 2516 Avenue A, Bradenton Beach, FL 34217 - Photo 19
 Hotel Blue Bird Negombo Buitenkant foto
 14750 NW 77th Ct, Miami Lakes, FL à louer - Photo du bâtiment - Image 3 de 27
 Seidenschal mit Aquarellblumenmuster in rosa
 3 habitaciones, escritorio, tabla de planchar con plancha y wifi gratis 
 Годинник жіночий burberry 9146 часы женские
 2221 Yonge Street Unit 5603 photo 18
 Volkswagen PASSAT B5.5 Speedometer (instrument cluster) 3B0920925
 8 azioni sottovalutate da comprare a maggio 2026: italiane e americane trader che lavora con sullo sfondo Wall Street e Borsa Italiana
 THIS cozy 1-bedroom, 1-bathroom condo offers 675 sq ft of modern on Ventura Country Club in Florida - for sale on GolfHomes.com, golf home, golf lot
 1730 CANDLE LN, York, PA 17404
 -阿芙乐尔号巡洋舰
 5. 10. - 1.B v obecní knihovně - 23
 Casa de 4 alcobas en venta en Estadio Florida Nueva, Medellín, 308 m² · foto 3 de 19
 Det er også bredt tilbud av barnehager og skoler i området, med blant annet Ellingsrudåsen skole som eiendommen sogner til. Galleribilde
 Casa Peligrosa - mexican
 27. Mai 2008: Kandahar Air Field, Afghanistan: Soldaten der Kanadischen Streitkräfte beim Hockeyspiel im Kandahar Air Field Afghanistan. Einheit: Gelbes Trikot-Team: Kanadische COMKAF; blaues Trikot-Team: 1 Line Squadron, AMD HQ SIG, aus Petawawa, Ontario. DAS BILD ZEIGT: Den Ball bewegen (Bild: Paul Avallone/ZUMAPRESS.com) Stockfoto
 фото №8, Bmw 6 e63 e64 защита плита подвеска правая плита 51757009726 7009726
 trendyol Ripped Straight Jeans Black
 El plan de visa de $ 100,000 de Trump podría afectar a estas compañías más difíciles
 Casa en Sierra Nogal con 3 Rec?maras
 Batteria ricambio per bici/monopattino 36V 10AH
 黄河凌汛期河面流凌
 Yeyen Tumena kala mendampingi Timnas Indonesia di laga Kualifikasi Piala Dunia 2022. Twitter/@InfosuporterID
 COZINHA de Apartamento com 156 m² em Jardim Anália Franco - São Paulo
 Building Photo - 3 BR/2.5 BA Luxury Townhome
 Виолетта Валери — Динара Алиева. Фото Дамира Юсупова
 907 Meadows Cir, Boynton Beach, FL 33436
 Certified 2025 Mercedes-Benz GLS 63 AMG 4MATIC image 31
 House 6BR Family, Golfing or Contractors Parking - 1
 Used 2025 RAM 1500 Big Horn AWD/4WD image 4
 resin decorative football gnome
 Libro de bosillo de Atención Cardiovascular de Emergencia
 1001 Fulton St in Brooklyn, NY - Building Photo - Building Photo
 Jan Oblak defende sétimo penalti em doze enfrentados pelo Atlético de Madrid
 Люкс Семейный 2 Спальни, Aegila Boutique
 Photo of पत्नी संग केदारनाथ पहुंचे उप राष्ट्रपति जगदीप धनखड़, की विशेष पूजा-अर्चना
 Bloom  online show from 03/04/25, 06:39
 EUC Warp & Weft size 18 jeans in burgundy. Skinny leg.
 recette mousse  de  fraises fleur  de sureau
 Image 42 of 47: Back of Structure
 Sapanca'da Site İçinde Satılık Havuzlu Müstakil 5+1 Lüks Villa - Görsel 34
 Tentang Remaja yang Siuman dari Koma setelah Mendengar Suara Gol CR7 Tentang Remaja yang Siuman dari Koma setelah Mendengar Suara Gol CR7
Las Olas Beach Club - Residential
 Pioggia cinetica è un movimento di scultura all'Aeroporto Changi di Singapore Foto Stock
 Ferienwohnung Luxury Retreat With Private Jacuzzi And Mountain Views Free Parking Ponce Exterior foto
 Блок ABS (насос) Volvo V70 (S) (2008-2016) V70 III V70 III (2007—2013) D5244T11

+ + + + +

## Work to complete
Please output the complete data exactly.

## Response to this task
 2516 Avenue A, Bradenton Beach, FL 34217 - Photo 19
 Hotel Blue Bird Negombo Buitenkant foto
 14750 NW 77th Ct, Miami Lakes, FL à louer - Photo du bâtiment - Image 3 de 27
 Seidenschal mit Aquarellblumenmuster in rosa
 3 habitaciones, escritorio, tabla de planchar con plancha y wifi gratis 
 Годинник жіночий burberry 9146 часы женские
 2221 Yonge Street Unit 5603 photo 18
 Volkswagen PASSAT B5.5 Speedometer (instrument cluster) 3B0920925
 8 azioni sottovalutate da comprare a maggio 2026: italiane e americane trader che lavora con sullo sfondo Wall Street e Borsa Italiana
 THIS cozy 1-bedroom, 1-bathroom condo offers 675 sq ft of modern on Ventura Country Club in Florida - for sale on GolfHomes.com, golf home, golf lot
 1730 CANDLE LN, York, PA 17404
 -阿芙乐尔号巡洋舰
 5. 10. - 1.B v obecní knihovně - 23
 Casa de 4 alcobas en venta en Estadio Florida Nueva, Medellín, 308 m² · foto 3 de 19
 Det er også bredt tilbud av barnehager og skoler i området, med blant annet Ellingsrudåsen skole som eiendommen sogner til. Galleribilde
 Casa Peligrosa - mexican
 27. Mai 2008: Kandahar Air Field, Afghanistan: Soldaten der Kanadischen Streitkräfte beim Hockeyspiel im Kandahar Air Field Afghanistan. Einheit: Gelbes Trikot-Team: Kanadische COMKAF; blaues Trikot-Team: 1 Line Squadron, AMD HQ SIG, aus Petawawa, Ontario. DAS BILD ZEIGT: Den Ball bewegen (Bild: Paul Avallone/ZUMAPRESS.com) Stockfoto
 фото №8, Bmw 6 e63 e64 защита плита подвеска правая плита 51757009726 7009726
 trendyol Ripped Straight Jeans Black
 El plan de visa de $ 100,000 de Trump podría afectar a estas compañías más difíciles
 Casa en Sierra Nogal con 3 Rec?maras
 Batteria ricambio per bici/monopattino 36V 10AH
 黄河凌汛期河面流凌
 Yeyen Tumena kala mendampingi Timnas Indonesia di laga Kualifikasi Piala Dunia 2022. Twitter/@InfosuporterID
 COZINHA de Apartamento com 156 m² em Jardim Anália Franco - São Paulo
 Building Photo - 3 BR/2.5 BA Luxury Townhome
 Виолетта Валери — Динара Алиева. Фото Дамира Юсупова
 907 Meadows Cir, Boynton Beach, FL 33436
 Certified 2025 Mercedes-Benz GLS 63 AMG 4MATIC image 31
 House 6BR Family, Golfing or Contractors Parking - 1
 Used 2025 RAM 1500 Big Horn AWD/4WD image 4
 resin decorative football gnome
 Libro de bosillo de Atención Cardiovascular de Emergencia
 1001 Fulton St in Brooklyn, NY - Building Photo - Building Photo
 Jan Oblak defende sétimo penalti em doze enfrentados pelo Atlético de Madrid
 Люкс Семейный 2 Спальни, Aegila Boutique
 Photo of पत्नी संग केदारनाथ पहुंचे उप राष्ट्रपति जगदीप धनखड़, की विशेष पूजा-अर्चना
 Bloom  online show from 03/04/25, 06:39
 EUC Warp & Weft size 18 jeans in burgundy. Skinny leg.
 recette mousse  de  fraises fleur  de sureau
 Image 42 of 47: Back of Structure
 Sapanca'da Site İçinde Satılık Havuzlu Müstakil 5+1 Lüks Villa - Görsel 34
 Tentang Remaja yang Siuman dari Koma setelah Mendengar Suara Gol CR7 Tentang Remaja yang Siuman dari Koma setelah Mendengar Suara Gol CR7
Las Olas Beach Club - Residential
 Pioggia cinetica è un movimento di scultura all'Aeroporto Changi di Singapore Foto Stock
 Ferienwohnung Luxury Retreat With Private Jacuzzi And Mountain Views Free Parking Ponce Exterior foto
 Блок ABS (насос) Volvo V70 (S) (2008-2016) V70 III V70 III (2007—2013) D5244T11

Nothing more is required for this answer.